Ia juga pernah menerbitkan antologi puisi bersama Korrie Layun Rampan berjudul Putih! Putih! Putih! (Yogyakarta, 1976) dan Suara Sendawar Kendal (Karawang, 2015). Sejumlah puisi, cerita pendek, dan esainya termuat dalam antologi bersama para penulis lain. Puisinya juga masuk dalam buku Manuel D'Indonesien Volume I terbitan L'asiatheque, Paris, Prancis, Januari 2012. Ia juga menulis puisi berbahasa Jawa (geguritan) di Panjebar Semangat dan Jaya Baya. Ia menjabat Pemimpin Redaksi Kampus Indonesia (Jakarta), Tanahku (Semarang), Delik Hukum Jateng (Semarang) setelah sebelumnya menjabat Redaktur Pelaksana dan Staf Ahli Pemimpin Umum Koran Wawasan (Semarang), Pemimpin Redaksi Radio Gaya FM (Semarang), Redaktur Pelaksana Tabloid Faktual (Semarang), Redaktur Pelaksana Tabloid Otobursa Plus (Semarang), dan Redaktur Legislatif (Jakarta).

Saat ini ia menjabat Ketua Umum Dewan Kesenian Jawa Tengah (DKJT), Fungsionaris Ikatan Cendekiawan Muslim Indonesia (ICMI) Wilayah Jawa Tengah, Ketua III Komite Seni Budaya Nusantara (KSBN) Jawa Tengah, dan Ketua Forum Komunikasi Wartawan Pendidikan dan Kebudayaan Jawa Tengah. Sebelumnya ia pernah menjabat Ketua Kelompok Studi Seni Remaja (KSSR) Kendal, Ketua Pelaksana Dewan Teater Kendal, Sekretaris Forum Komunikasi Studi Mahasiswa Kekaryaan (Fokusmaker) Jawa Tengah, Wakil Ketua Ormas MKGR Jawa Tengah, Fungsionaris DPD Partai Golkar Jawa Tengah, Sekretaris DPD Badan Informasi dan Kehumasan Partai Golkar Jawa Tengah, dan Sekretaris Bidang Kehumasan DPW Partai Nasdem Jawa Tengah. 

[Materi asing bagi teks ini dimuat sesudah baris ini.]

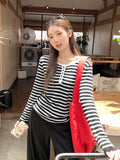 Round-Neck Striped Splicing Colliding Color Knitted Long-Sleeved T-Shirt For Women 2026 Early Autumn Button Design With A Sense Of Body On The Shoulders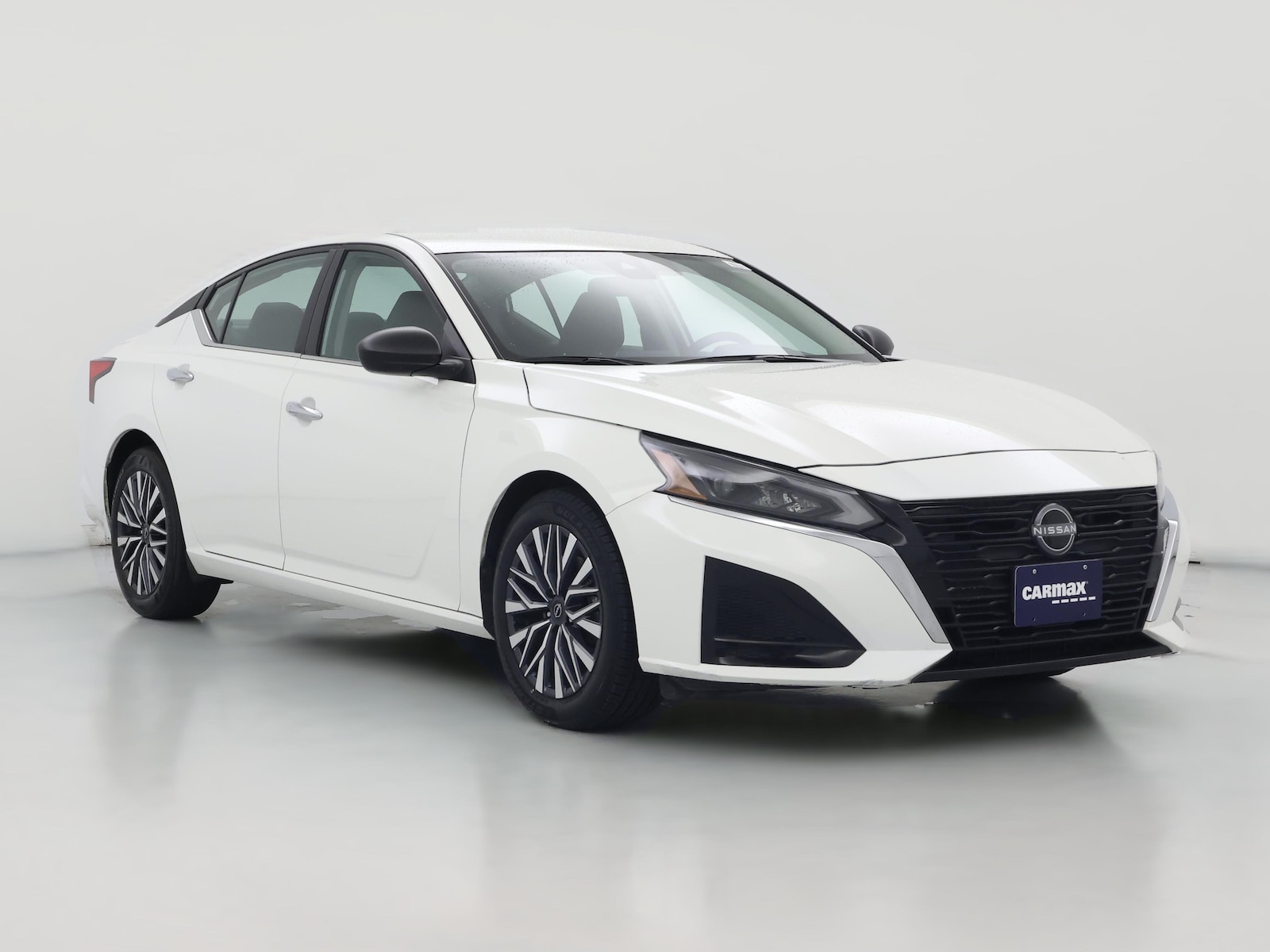 2025 Nissan Altima SV - Photo 1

Sejumlah penghargaan di bidang sastra, kebudayaan, dan jurnalistik telah diterimanya, antara lain dari Kepala Perwakilan PBB di Indonesia, Menteri Perumahan Rakyat, Menteri Penerangan, Menteri Luar Negeri, Pangdam IV/ Diponegoro, dan Kepala Balai Bahasa Jawa Tengah.